Exercise description. Starting at the line with "smaller display case" and ending at the line with "Cuchillo trapezoidal de", print exactly the lines of the entries below. Pictures do not belong in the copy.

Material provided.
::::
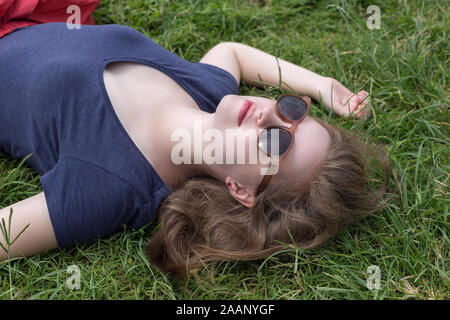 Jeune femme caucasienne mignonne dans des verres sur le champ d'herbe Banque D'Images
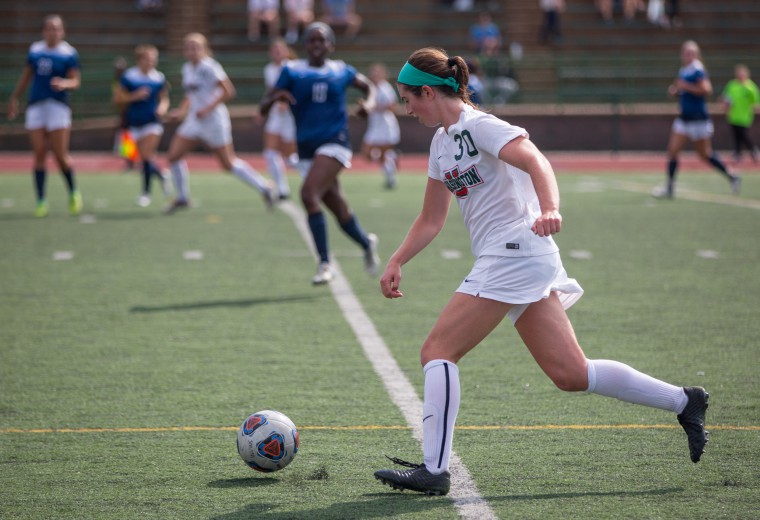 Senior Caroline Dempsey dribbles the ball toward the Emory University goal. The Bears defeated Case Western and No. 21 Carnegie Mellon University to improve to 13-0 this weekend.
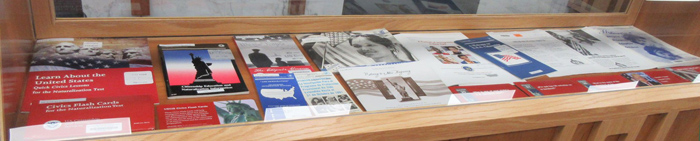 smaller display case with federal documents on topics related to immigration and citizenship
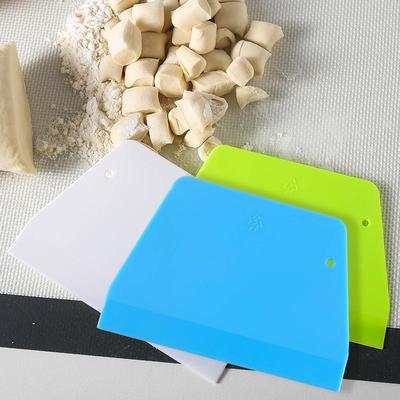 Cuchillo trapezoidal de plástico para raspar masa y aceite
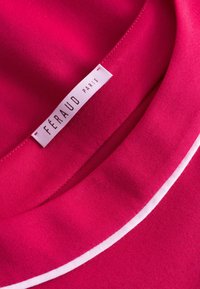 Féraud Paris Etikett auf einem lebhaften pinkfarbenen Stoff mit einer glatten Textur und einem weißen Paspel entlang des Kragens.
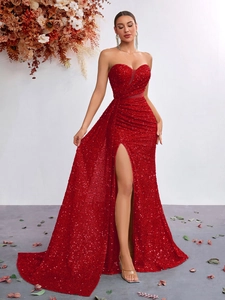 Detail of red sequin evening gown showing the heart-shaped neckline and draped waist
::::
Output below.
 smaller display case with federal documents on topics related to immigration and citizenship
 Cuchillo trapezoidal de plástico para raspar masa y aceite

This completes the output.